- Task to complete -
Pictures are to be left out, and only the lines from the one containing "[UNFINISHED] All the Time in the World Image" through the last line of the data are to be returned exactly.

- Source information -
============================================================
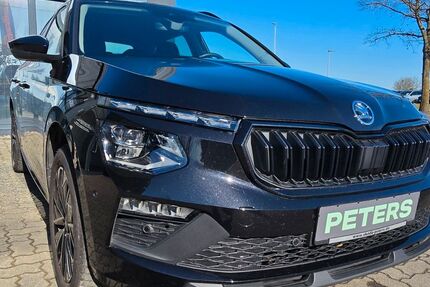 Skoda Kamiq 19.490 km 28.940 &euro; Barth 18356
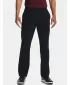 Muške hlače UNDER ARMOUR UA TECH TAPERED PANT 1374606-001 CRNA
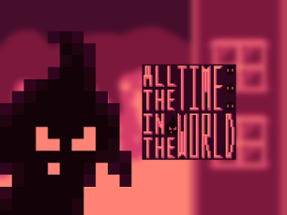 [UNFINISHED] All the Time in the World Image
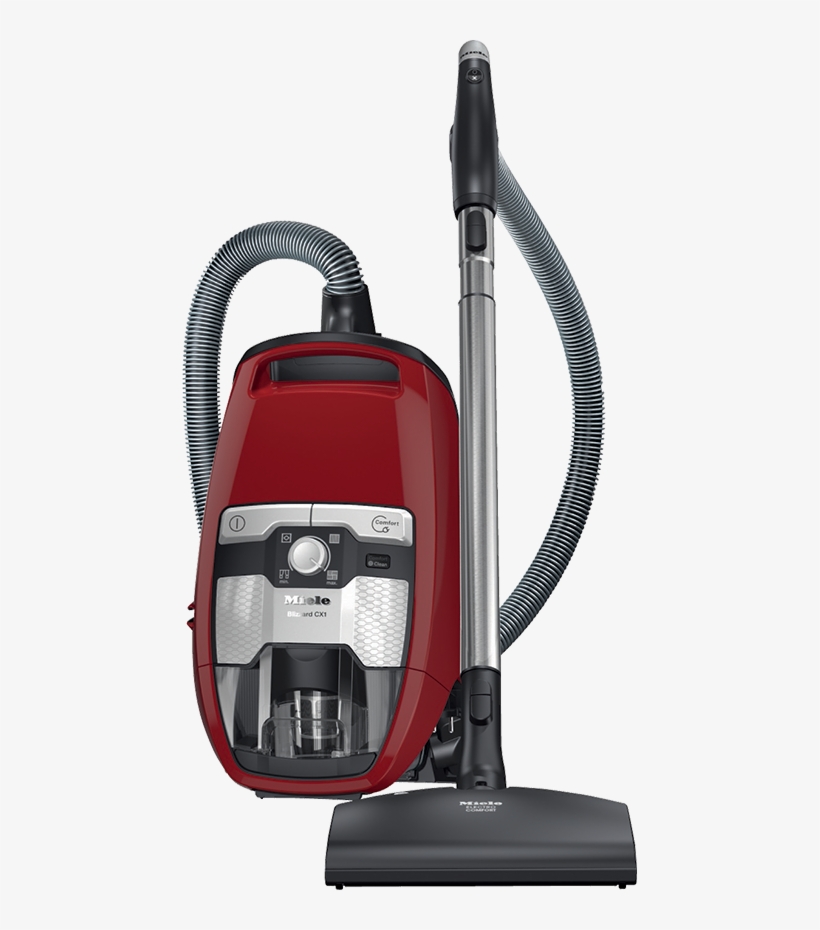 Miele Cx1 Cat And Dog, transparent png download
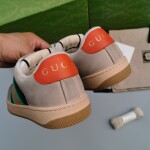 Gucci Screener Sneakers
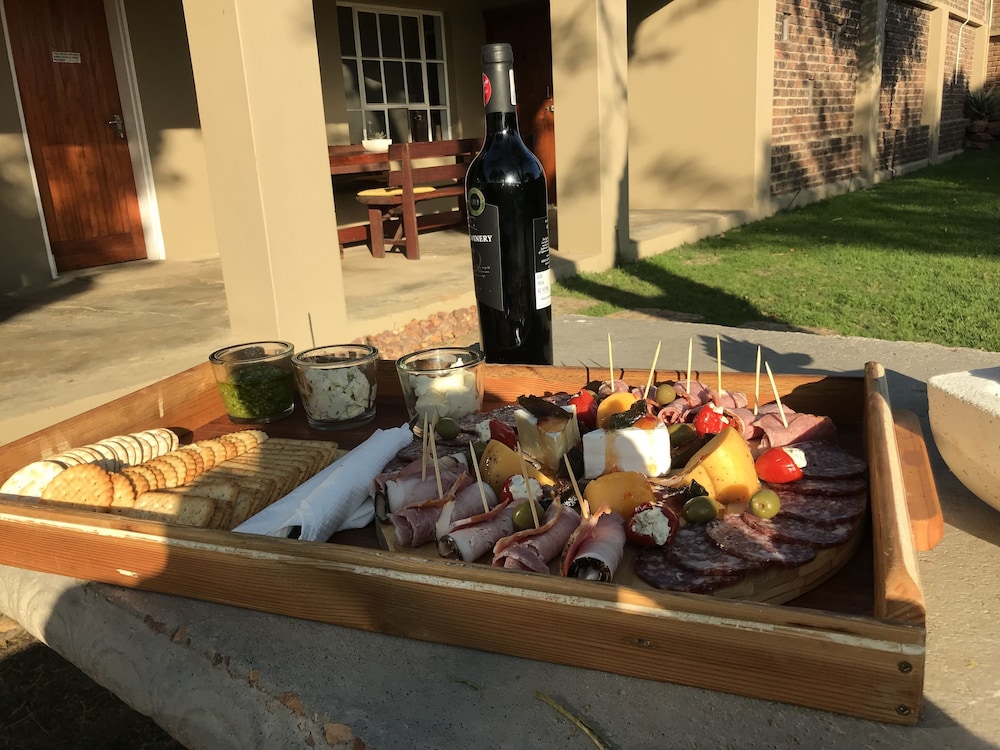 Kwetu Guest Farm 32/50
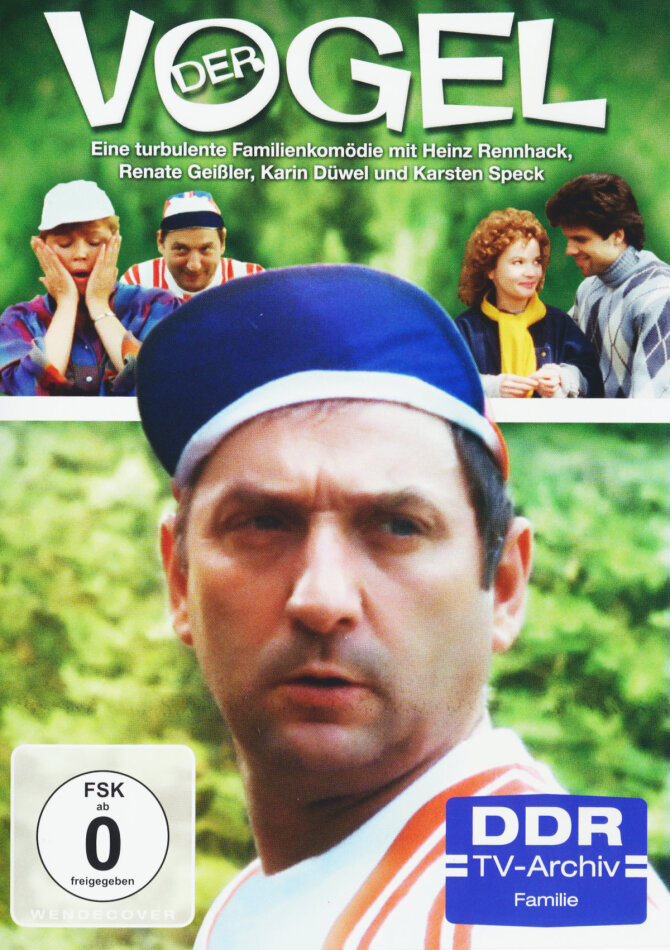 Der Vogel (1988)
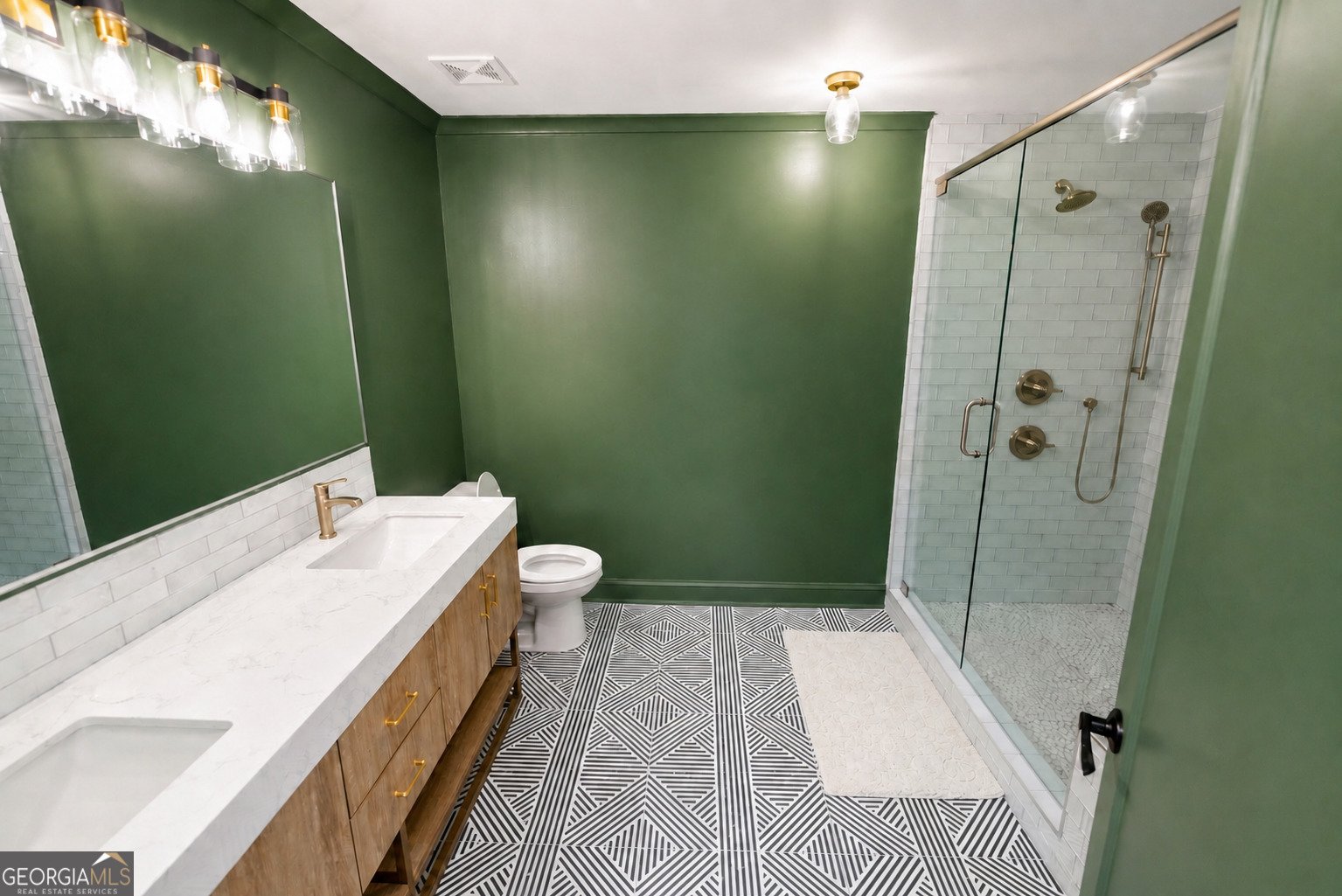 403 Tara Commons Circle Loganville - Photo 15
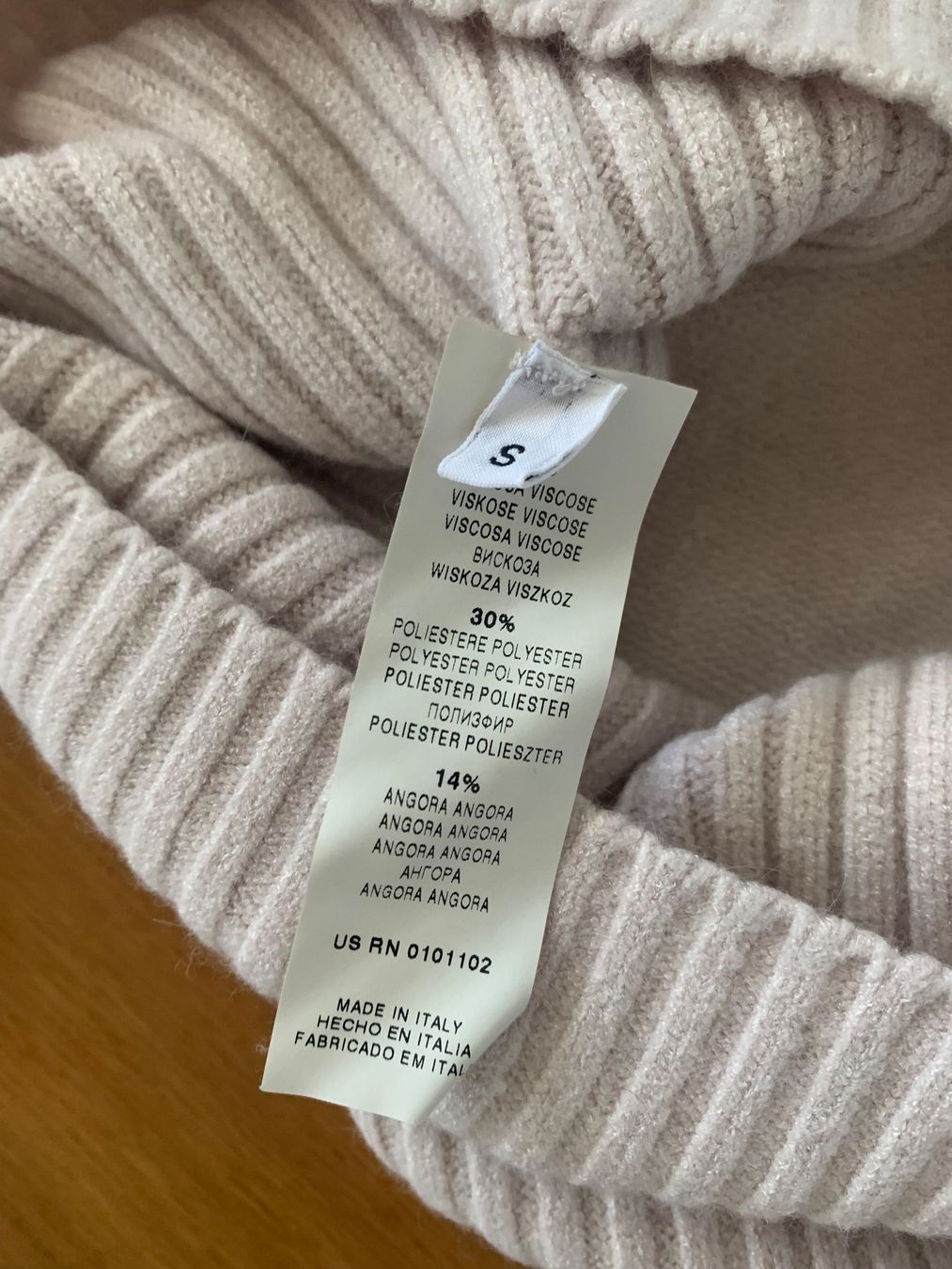 Stefanel Pullover & Sweatshirts: Stefanel Pulli S – Neu (gemäss Beschreibung) aus Erlenbach ZH von Syssi_C 3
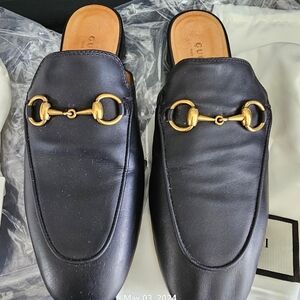 Gucci size EU 35 1/5 / US 5.5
============================================================
- Final answer -
 [UNFINISHED] All the Time in the World Image
 Miele Cx1 Cat And Dog, transparent png download
 Gucci Screener Sneakers
 Kwetu Guest Farm 32/50
 Der Vogel (1988)
 403 Tara Commons Circle Loganville - Photo 15
 Stefanel Pullover & Sweatshirts: Stefanel Pulli S – Neu (gemäss Beschreibung) aus Erlenbach ZH von Syssi_C 3
 Gucci size EU 35 1/5 / US 5.5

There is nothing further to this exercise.